Pour Brian Maloney, copropriétaire de la Ferme Brylee, en Outaouais, l’engouement des acheteurs, des gouvernements et des consommateurs pour ce qui est durable est une occasion à ne pas manquer pour les éleveurs. « Le train passe et on devrait embarquer dedans », affirme-t-il. L’éleveur spécifie que le secteur bovin, notamment de vache-veau, mise sur de grandes superficies en plantes fourragères, lesquelles contribuent à la captation de carbone tout en améliorant la gestion de l’eau. 

Adepte de l’agriculture régénératrice, il dit que plusieurs fermes bovines s’y qualifient déjà par leurs pratiques. Celles-ci n’ont, selon lui, qu’à joindre le mouvement et à veiller à ce « que la clientèle comprenne et paie pour leur service environnemental », clame-t-il. 

Près de Saint-Hyacinthe, à Saint-Liboire, Mathieu Claessens possède avec sa famille un parc d’engraissement produisant 6 000 bouvillons annuellement. Il fait partie de ceux qui reçoivent le fameux 20 $ par animal certifié.

Ça vaut la peine [la certification]. Même avant de recevoir l’argent, on était certifiés. Ça nous donne un standard de qualité et une grosse partie de la certification consiste à tenir des registres. Les registres, c’est important. Ça nous donne des données pour prendre de meilleures décisions d’affaires.

Mathieu Claessens, producteur

L’un des meneurs dans l’industrie de la viande québécoise, le groupe Délimax-Montpak, emprunte lui aussi la voie du développement durable à la fois par conviction et par obligation. « Nos clients nous ont adoptés, car on était en avant. Il faut le rester », lance Fabien Fontaine, l’un des propriétaires. De surcroît, il indique que les chaînes d’alimentation mettent présentement de la pression sur leurs grands fournisseurs pour qu’ils s’engagent dans un plan vers la carboneutralité, avec des dates butoirs. 
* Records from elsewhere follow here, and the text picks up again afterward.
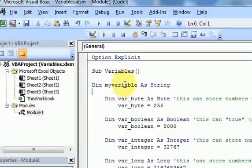Hi guys, in this video I'm going to talk about variables more — specifically how to declare them in a single line, and then some common errors that you encounter when you're working with variables.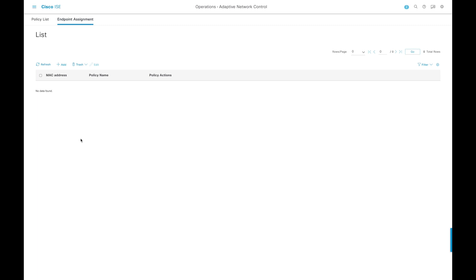And with this, this concludes our demonstration. Now, as you can see, we can use DNA Center and Cisco Secure Network Analytics to automate malware detection and mitigation.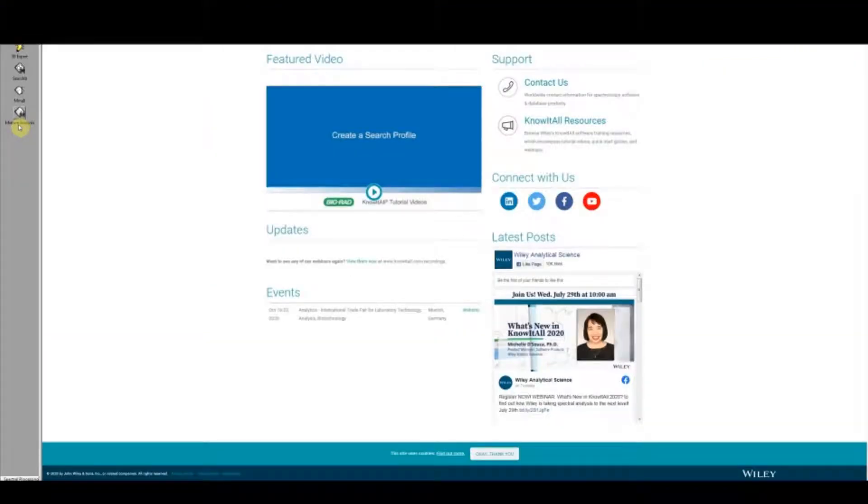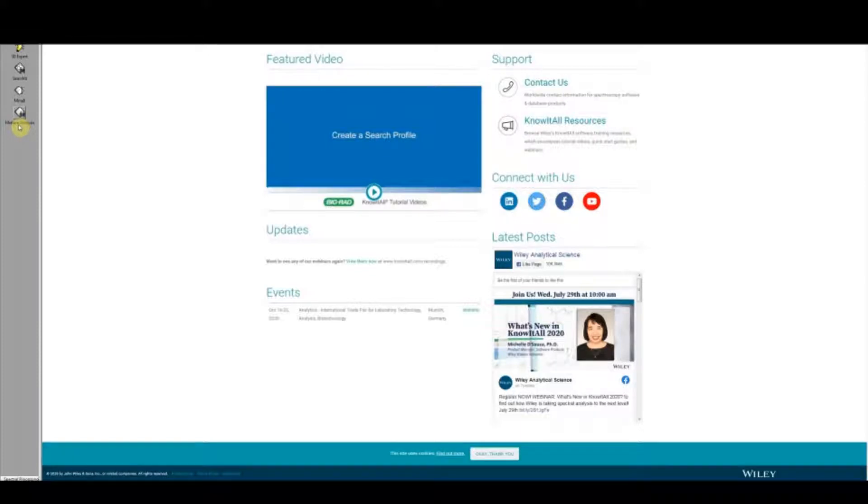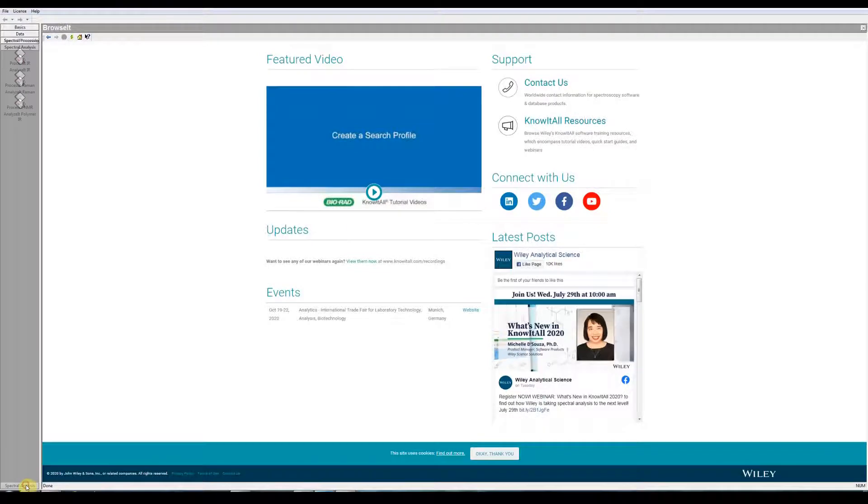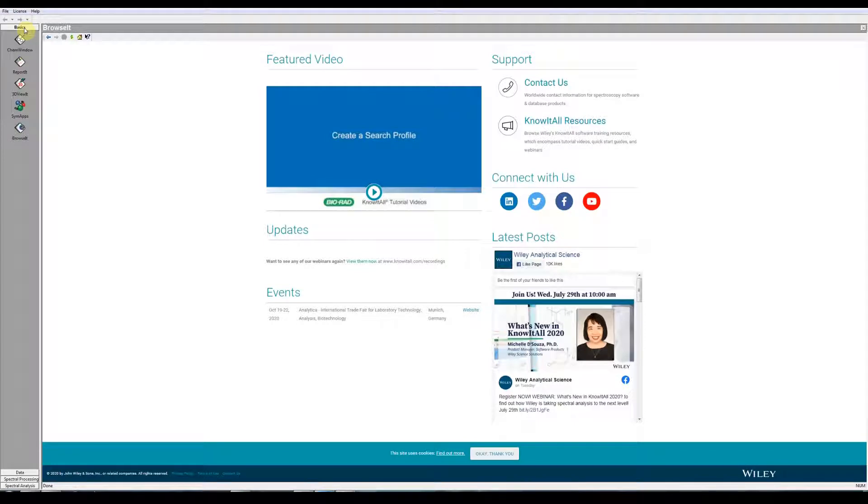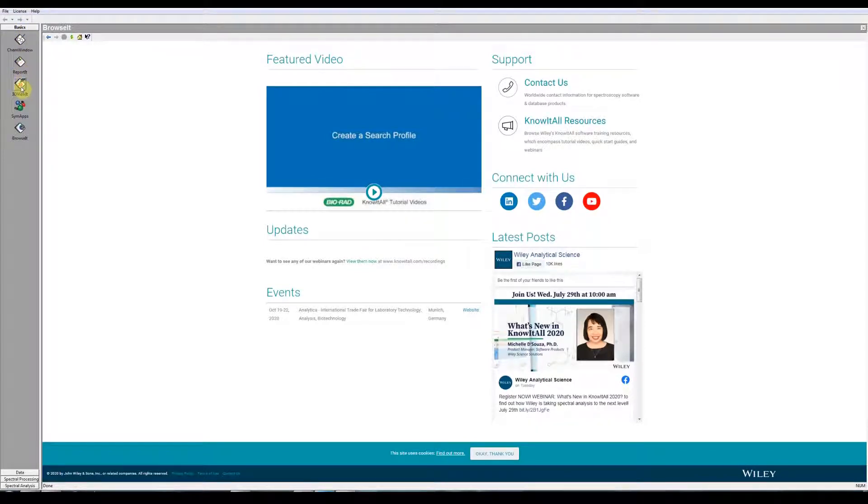When you open the software, this is the default screen. There are four different applications within Know-It-All, and there are applications within those applications. So it's a multi-function program. Many of these applications, like Search-It, Mine-It, Mixture Analysis, Spectral Processing, Spectral Analysis, many of these are disabled or only barely functional in this freeware version. We'll be using the basic group here, specifically Cam Windows, Report-It, 3D View-It, and SimApps.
M. Fontaine mentionne que la carboneutralité représente tout un défi. Son groupe s’est mis au travail en se concentrant, dans un premier temps, à décarboner Montpack, son entreprise de transformation. Sauf que l’élevage devra aussi y passer éventuellement. « Le goulot d’étranglement dans l’élevage, ce sont les gaz émis par les animaux. Ce ne sera pas simple, mais on va faire comme on a tout le temps fait. On va s’accoter sur la science et on va y arriver. »  


« Bonne chance! »

Claude Laroche, photographié en 2011, alors qu’il /exploitait un abattoir moderne avec l’objectif d’offrir
aux Québécois une viande de qualité et locale. 
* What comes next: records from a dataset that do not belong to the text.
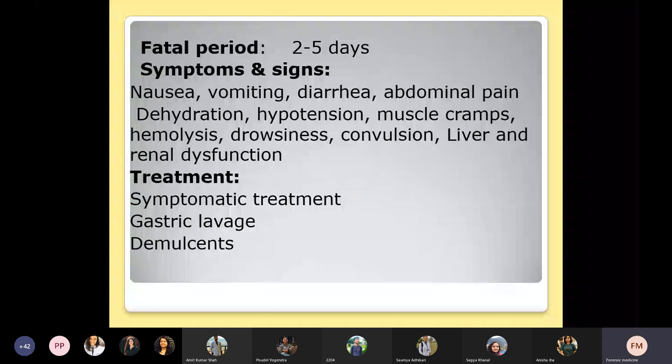The fatal period is two to five days. Symptoms of Ricinus communis poisoning include nausea, vomiting, diarrhea, and abdominal pain. Excessive nausea, vomiting, and diarrhea lead to dehydration, decreased blood pressure, muscle cramps, hemolysis, dizziness, convulsions, and dysfunction or failure of the liver and kidneys. Treatment is symptomatic only — antiemetic medicine, IV fluids, antispasmodic medicine, and gastric lavage using potassium permanganate solution followed by demulcents. There is no specific antidote.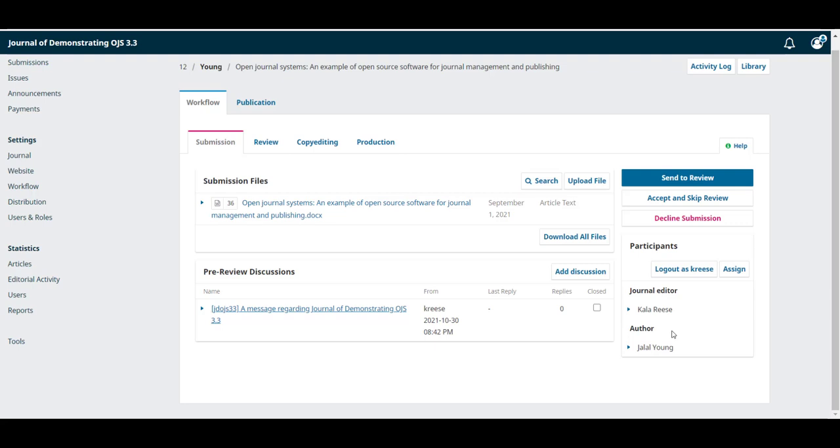The one exception, the reviewers, would not be listed here to keep their identity secret.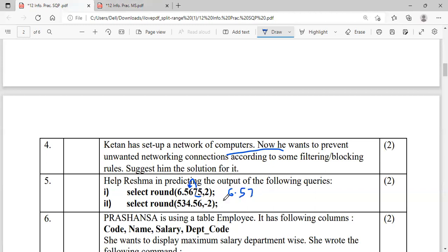The second one has minus two as the decimal places argument. Minus two means the cursor moves to the left side — minus one, minus two, landing on the digit 3. Is 3 greater than or equal to 5? No, so no change to the previous digit — it stays 5. The digits 3 and 4 are replaced by zeros, and since we have zero or a negative decimal argument, there is no decimal part — the number will be an integer, not a floating point number.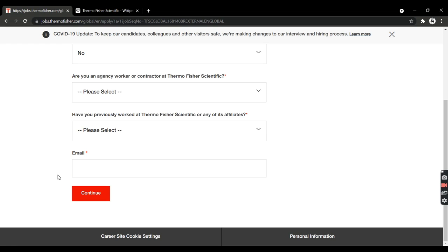Once you submit your application, if your profile matches the HR requirements, they're going to contact you for the software engineering position. Thank you, guys!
Le développement d’une filière de viande de bœuf québécoise a déjà été dans la mire de Claude Laroche, président à l’époque des Viandes Laroche, qui avaient construit un abattoir nec plus ultra à Val-des-Sources (anciennement Asbestos), en Estrie, et développé une mise en marché de bœuf local sans hormones de croissance ni antibiotique et doté d’une génétique accentuant la tendreté de la viande. Cette aventure s’est toutefois terminée en 2015 par une fermeture crève-cœur pour M. Laroche, qu’il n’avait pas voulu commenter à l’époque. 
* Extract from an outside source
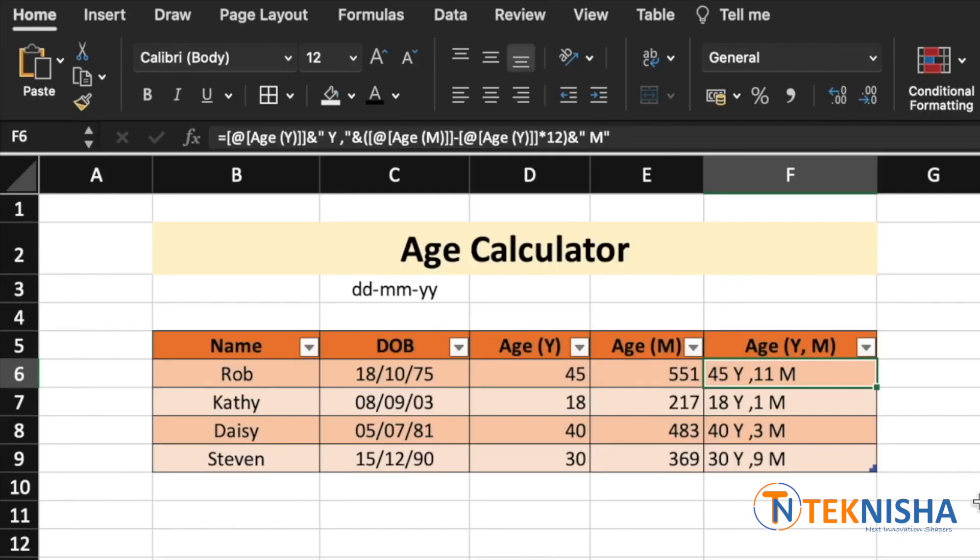There you go. We now have the age of Rob, Cathy, Daisy and Steven in years and months.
La Terre l’a joint pour lui demander si cette fois était la bonne pour une réelle ascension de la viande de bœuf du Québec. « La solution, je pense qu’elle est passée date. On avait mis beaucoup de temps et d’énergie à l’époque, et il y avait une belle occasion de bâtir quelque chose d’unique. Mais on était à la merci des grandes entreprises. C’est encore le cas aujourd’hui, sinon pire, car le Québec a encore moins de production », analyse-t-il. De fait, la production de bouvillons est passée de 166  000 têtes en 2010 à 64 000 en 2022, tandis que le cheptel de vaches de boucherie destinées à la production de veaux d’embouche est passé de 214 000 vaches à 124 000 vaches. Sans être optimiste, M. Laroche y va d’encouragements. « Je souhaite bonne chance et je lève mon chapeau à ceux qui vont passer à travers. Arrangez-vous juste pour avoir l’appui du MAPAQ [ministère de l’Agriculture] et de la fédération [Producteurs de bovins du Québec]. Moi, quand c’était l’un qui y croyait, l’autre non, c’était difficile », se remémore-t-il.